Most of his life, Agee drank heavily, wasted time on work that didn’t matter to him, and sabotaged his writing in every way. He didn’t live to see ADITF published (final edits were done by a lifelong friend). But there’s a quality to ADITF that could only come from Agee’s having stored it so long, working and not working on it. It is raw, unfinished. But perfectly so—perfectly imperfect.
Gregory Spatz is the author of What Could Be Saved, Inukshuk, Fiddler’s Dream, No One but Us, Half as Happy, Wonderful Tricks. His stories have appeared The New Yorker, Glimmer Train Stories, Shenandoah, Epoch, Kenyon Review, and New England Review. Recipient of numerous awards and fellowships, Spatz teaches at Eastern Washington University in Spokane. Spatz plays the fiddle in the twice Juno-nominated bluegrass band John Reischman and the Jaybirds.
by Robert Burke Warren
Alice Munro’s prose reminds me of certain humbly constructed, yet oddly incantatory folk and country songs, and quite a few Leonard Cohen songs, gems that deliver a wallop with short lines, unfussy words, rudimentary melodies. Minus the melodic aspect (although her prose is indeed musical), Munro does that, too. You step back and say, “How did she conjure that image? That feeling? That intensity? And reveal the exquisite beauty of that supposedly mundane bit of life? With just those words?” It’s inspiring to know it can be done, albeit also maddening in the best way.
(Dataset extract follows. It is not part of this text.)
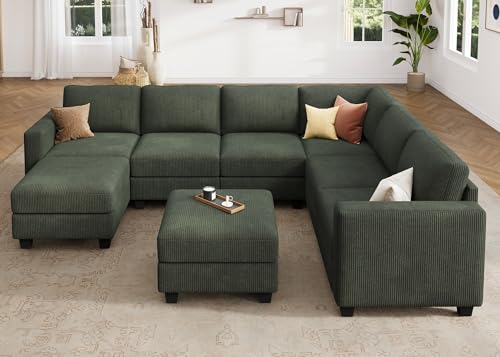 HONBAY Corduroy Modular Sectional Couch with Storage, Dark Gray A586576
Robert Burke Warren is a writer, performer, and musician. His work appears in Salon, AARP, The Rock & Roll Hall of Fame, Texas Music, Brooklyn Parent, Woodstock Times, Paste, The Rumpus, The Bitter Southerner, Chronogram, and the Da Capo anthology The Show I‘ll Never Forget. His debut novel, Perfectly Broken, is in paperback. His songwriting appears on albums by Rosanne Cash, RuPaul, and rockabilly queen Wanda Jackson. In the mid 90s, he portrayed Buddy Holly in the West End musical Buddy: the Buddy Holly Story. Prior to that he traveled the world as a rock & roll bass player.
by Kurt Baumeister
The fact that a writer could be so audacious as to write Lolita’s prose in his third language–the opening paragraph of which still stands as my model for the poetic in English fiction–is chastening enough. But to follow that with the literary gymnastics of something like Pale Fire, a “centaur-work” as Updike called it, is almost incomprehensible. Taken as a piece, these books reveal a literary intellect with few modern equals and a literary fearlessness that is, in some ways, more admirable because of his success. Nabokov wrote what he wanted, whether that meant a book he knew would be banned based on subject matter (Lolita) or one far enough outside the mainstream that his literary reputation (and perhaps that of his sanity) might be damaged, the poetry and imagined literary criticism hybrid, Pale Fire.